◆ Exercise aim: Starting at the line that contains "Bild vergr��ern: Gedenkstein" in the listing below, write out every line word for word until you have written the line that contains "Snapshot of sweetblackbeauty001".

◆ Records supplied:
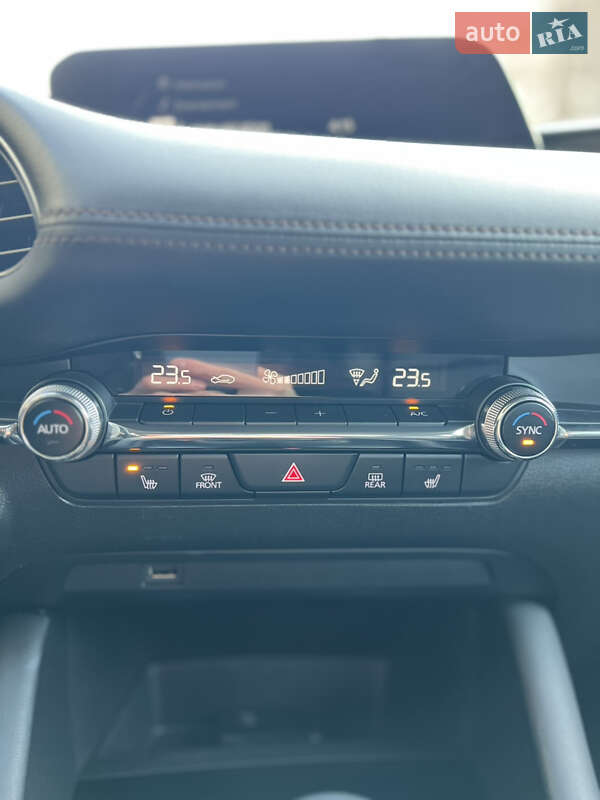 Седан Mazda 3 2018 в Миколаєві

--

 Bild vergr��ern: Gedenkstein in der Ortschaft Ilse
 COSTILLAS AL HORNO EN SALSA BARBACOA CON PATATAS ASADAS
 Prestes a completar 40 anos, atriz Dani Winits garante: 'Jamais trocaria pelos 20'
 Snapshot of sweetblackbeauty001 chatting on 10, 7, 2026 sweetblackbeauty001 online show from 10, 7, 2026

---

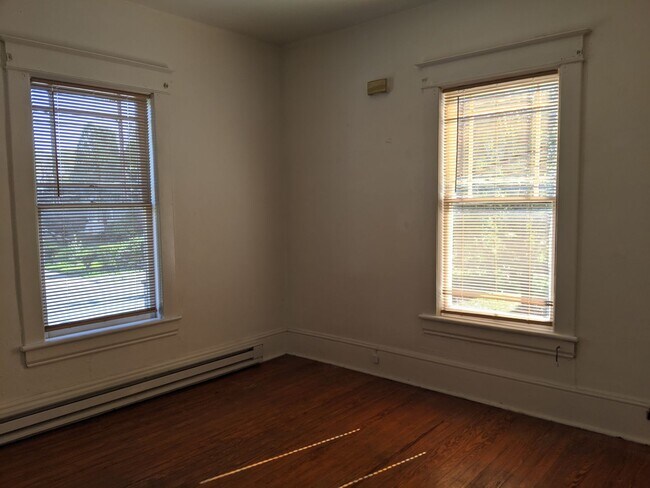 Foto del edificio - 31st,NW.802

◆ Answer box:
 Bild vergr��ern: Gedenkstein in der Ortschaft Ilse
 COSTILLAS AL HORNO EN SALSA BARBACOA CON PATATAS ASADAS
 Prestes a completar 40 anos, atriz Dani Winits garante: 'Jamais trocaria pelos 20'
 Snapshot of sweetblackbeauty001 chatting on 10, 7, 2026 sweetblackbeauty001 online show from 10, 7, 2026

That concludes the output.